Our bikes lay there like fallen soldiers, while we gathered our wits to try again. Finally arriving at Mawosheni Community Project near Coffee Bay, we met Kate Gething Lewis, who has been helping out for the past two years. However, she was quick to assure me, the project is run by the community, and started when teacher Zukiswa Mtyana (known as Nomapuzi) saw the need for a preschool.
With no funds, no salary and just a ramshackle rondavel, Nomapuzi walked three kilometres every day to give her children the best start in life she could possibly offer.
Today, the project is supported by Willen en Doen (Will It and Do It), is home to a thriving food garden, community centre, spaza, future orphanage, and compost toilets. It offers skills development, including intricate sewing projects using recycled materials and is well on its way to being 100 percent sustainable.

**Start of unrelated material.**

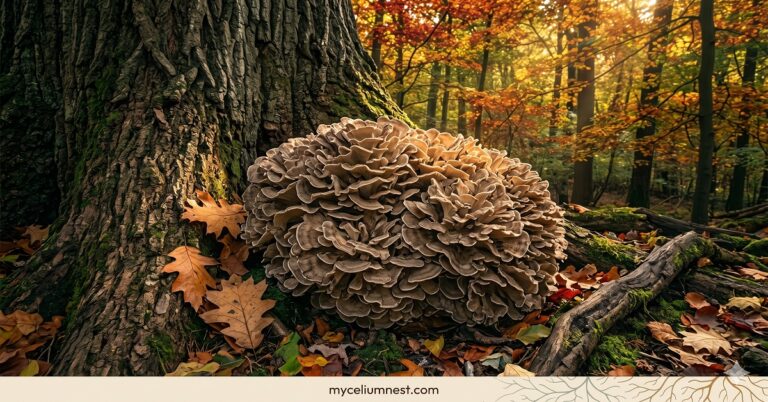 hen of the woods maitake identification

we tackled the last leg of our journey with gusto. Parking our bikes outside The Kraal, we spotted hundreds of dolphins surfing the waves and leaping joyously in the air, as happy and in their element as a world-class ballerina on stage.
The Kraal is the real deal – running on solar energy, water is heated with a dual solar and donkey boiler-type system (constantly circulating water to retain heat).
They capture rainwater, filter grey water through a reed bed which irrigates their homegrown vegetables and have built a biogas toilet (which creates energy from waste). They’ve also formed Kraal Toddlers, an NPO that aims to improve health, living and learning conditions through awareness, education and local empowerment.
As we awakened to more dolphins steaming past as if on repeat, our life in the city felt like an unsettling dream. Fortunately, SA has so many more eco spots to see that life on the road is far from over. - Cape Times
l Andrews and List are on a 7 500km carbon-neutral safari to document and photograph SA’s beauty and the inspiring environmental projects that aim to conserve this.